Un nouveau long-métrage de Bertrand Blier est toujours un évènement tant le cinéaste français a marqué le cinéma hexagonal avec des œuvres fortes telles que Les Valseuses, Buffet froid, ou Tenue de soirée. Cette sortie est d’autant plus importante quand le réalisateur revient après 9 ans d’absence, et réunit pour son nouvel opus Christian Clavier et Gérard Depardieu.

Comme souvent chez Blier, le film repose avant tout sur ses acteurs. Même si Clavier depuis le succès des Visiteurs est devenu une caricature de lui-même qui multiplie les grimaces et des onomatopées, je suis content de le retrouver avec un vrai texte à défendre. Ainsi, sa très bonne prestation dans le film nous rappelle que l'acteur fut jadis excellent dans des comédies dont il était coscénariste comme Papy fait la résistance ou Mes meilleurs copains. Quant à Depardieu, il semble ici « un peu plus » concerné que d’habitude. En effet, depuis quelques années, il semble seulement intéressé par le montant de son cachet et se moque totalement des films dans lequel il joue. Son apparition dans la dernière série Z de Lamberto Bava (La caverne de la rose d'or, Démons) témoigne de son désamour pour le cinéma et le métier d'acteur.

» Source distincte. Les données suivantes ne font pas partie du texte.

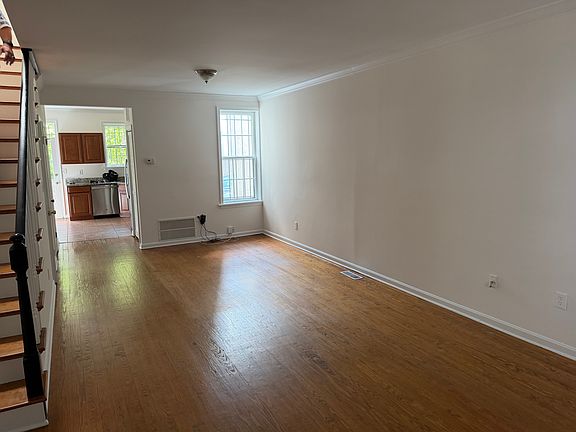 4th image of 1754 Seaton St NW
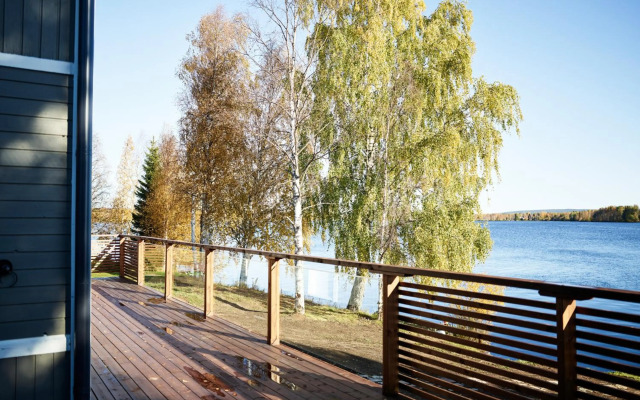 Cozy apartment with beautiful river views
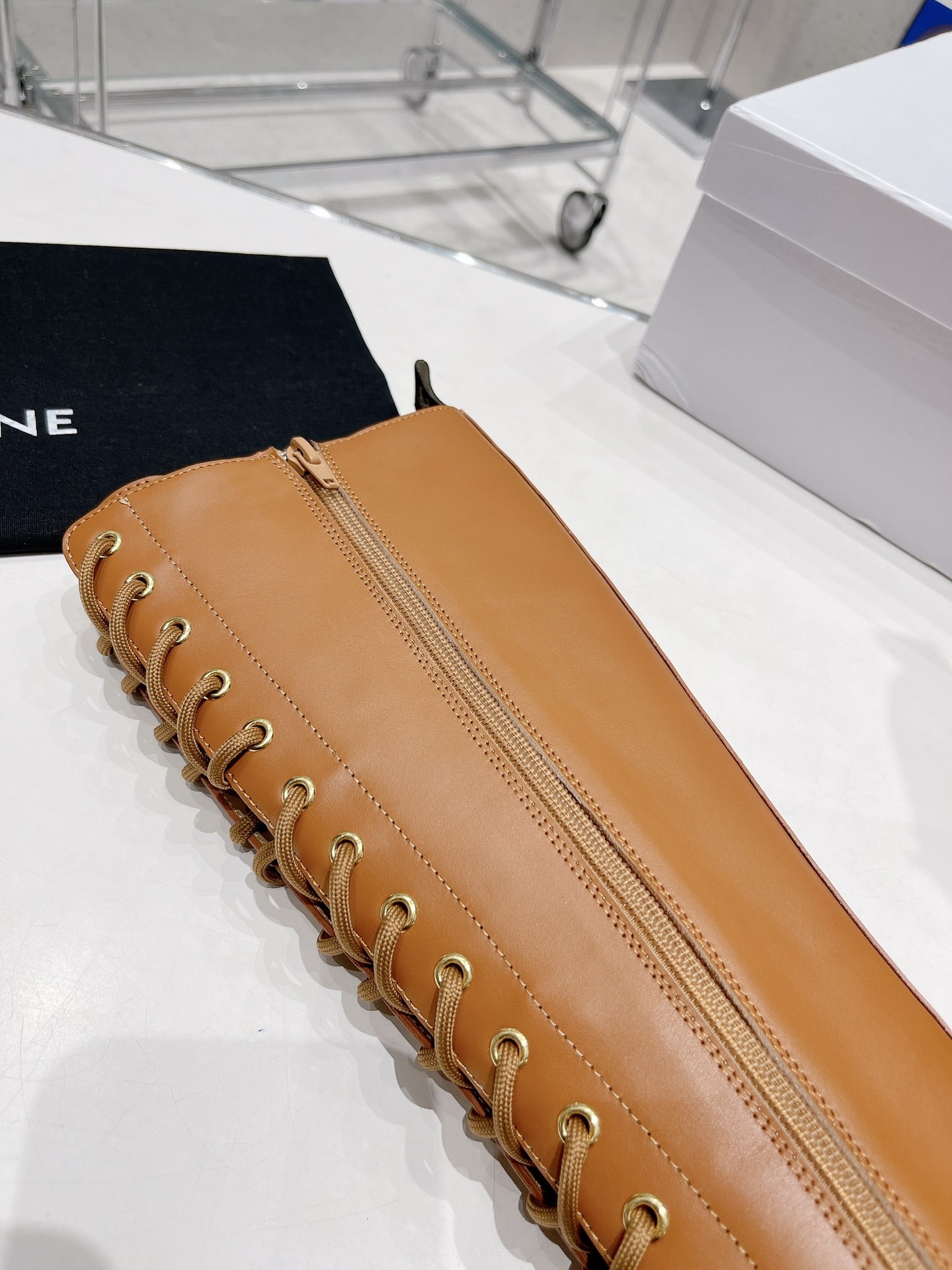 CELINE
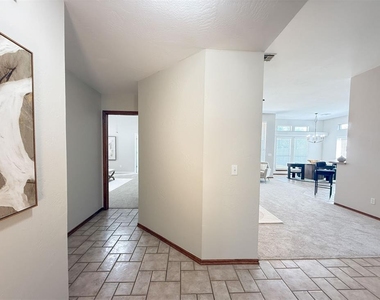 18212 Willow Oak Lane - Photo Thumbnail 14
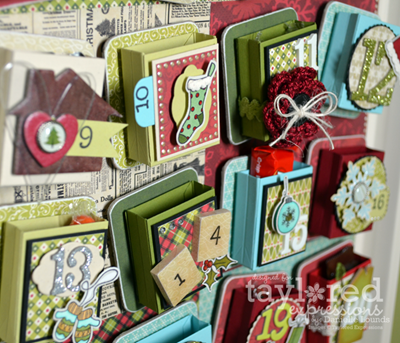 TEAdventCalenderWithMagnets_SideCloseup_DLounds TEAdventCalenderWithMagnets_SideCloseup_DLounds
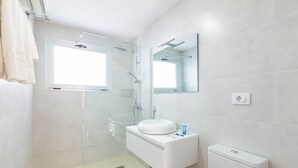 A modern bathroom with a glass-enclosed shower, a white sink, and a toilet. - Vista Verde Adult Only (San Bartolomé de Tirajana)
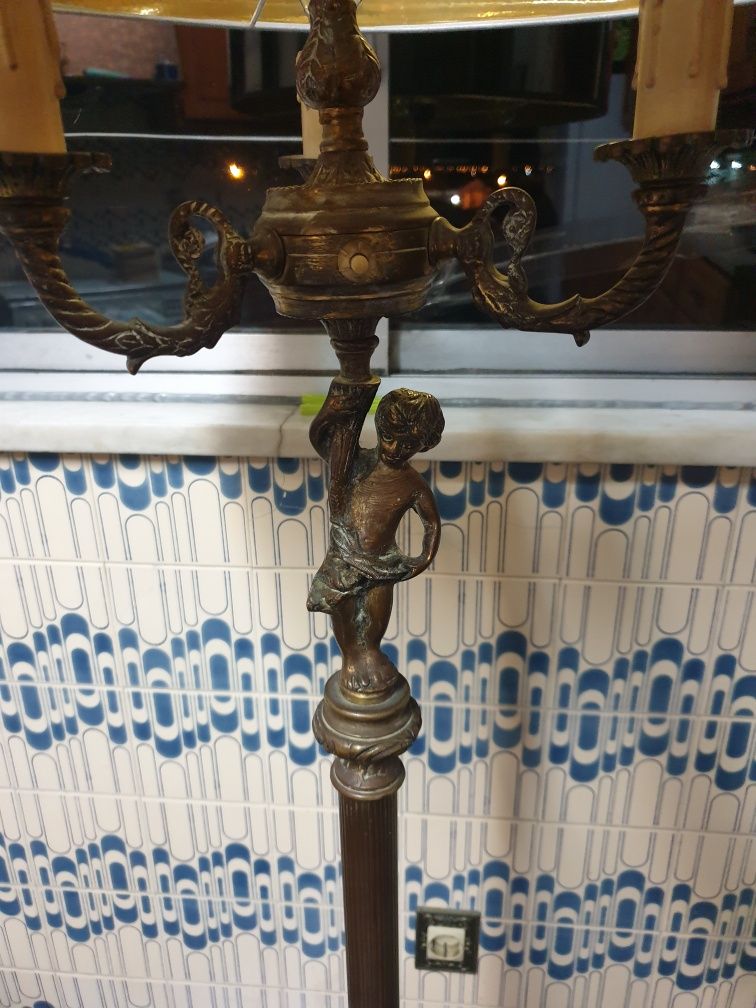 Candeeiro antigo todo em latão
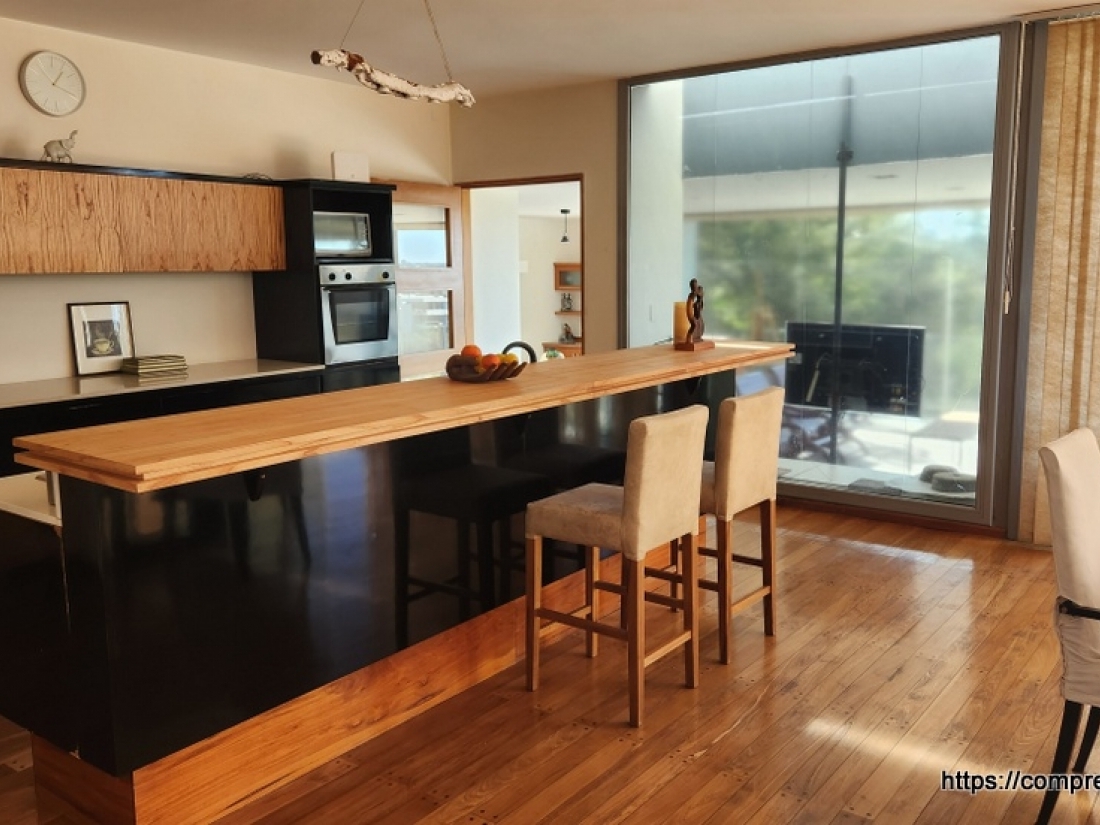 CASA DE CATEGORIA EN VENTA 3 DORMITORIOS ESTANCIA Q2 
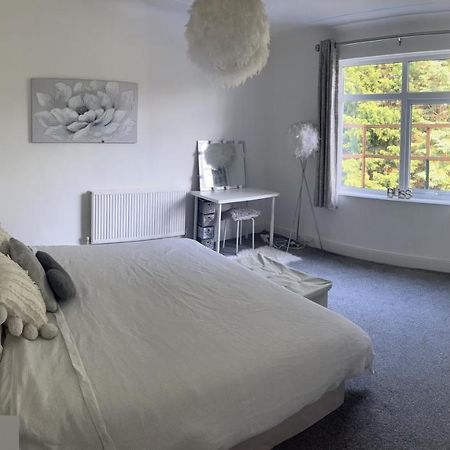Stunning Bebington Maisonette - Large Private Drive And Entrance, Good Transport Links Exteriér fotografie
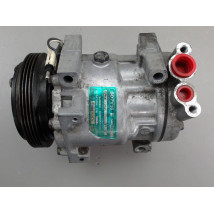 COMPRESSEUR AIR CONDITIONNE RENAULT CLIO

Convoi exceptionnel nous donne à voir un petit théâtre de l’absurde où les pages de scénario que les personnages ne cessent de réclamer sont la métaphore d'existences mornes dans lesquelles l’absence de choix de vie permet de ne pas faire face à l’absurdité de nos existences. Si pour ma part j’ai beaucoup apprécié le film, il faut tout de même signaler que Convoi exceptionnel est loin d’égaler les meilleures réalisations de Blier. En effet, le film souffre d’une écriture peu rigoureuse où les séquences s'enchaînent sans vraiment de lien logique. Ainsi, le long-métrage divague souvent et tient plus du patchwork que du film écrit.

C’est en même temps le charme de cette oeuvre crépusculaire où l’on évoque beaucoup la mort, et qui dans ses meilleures séquences rappelle les plus grands films du maître. On pense en particulier à ce très beau monologue d’Alexandra Lamy qui explique à son mari défunt qu’elle n’a jamais autant joui que depuis son départ et qui rappelle Tenue de soirée ouTrop belle pour toi.
C’est enfin un film qui compte de grands moments de cinéma comme dans cette scène magnifique de la boulangerie. Blier rend dans celle-ci hommage au septième art, en montrant qu’au-delà des mots la caméra est source d’émerveillement, faisant d’une boulangère rondelette ouvrant sa boutique une star de cinéma à jamais inscrite sur la pellicule, grâce à une photographie et une mise en scène de haute volée.

Ce Convoi exceptionnel laissera sur la route beaucoup de ses spectateurs surtout s’ils ne connaissent pas l’oeuvre de Blier. Mais pour ceux qui aiment son goût de l’absurde et sa philosophie de vie, le voyage vaut le détour.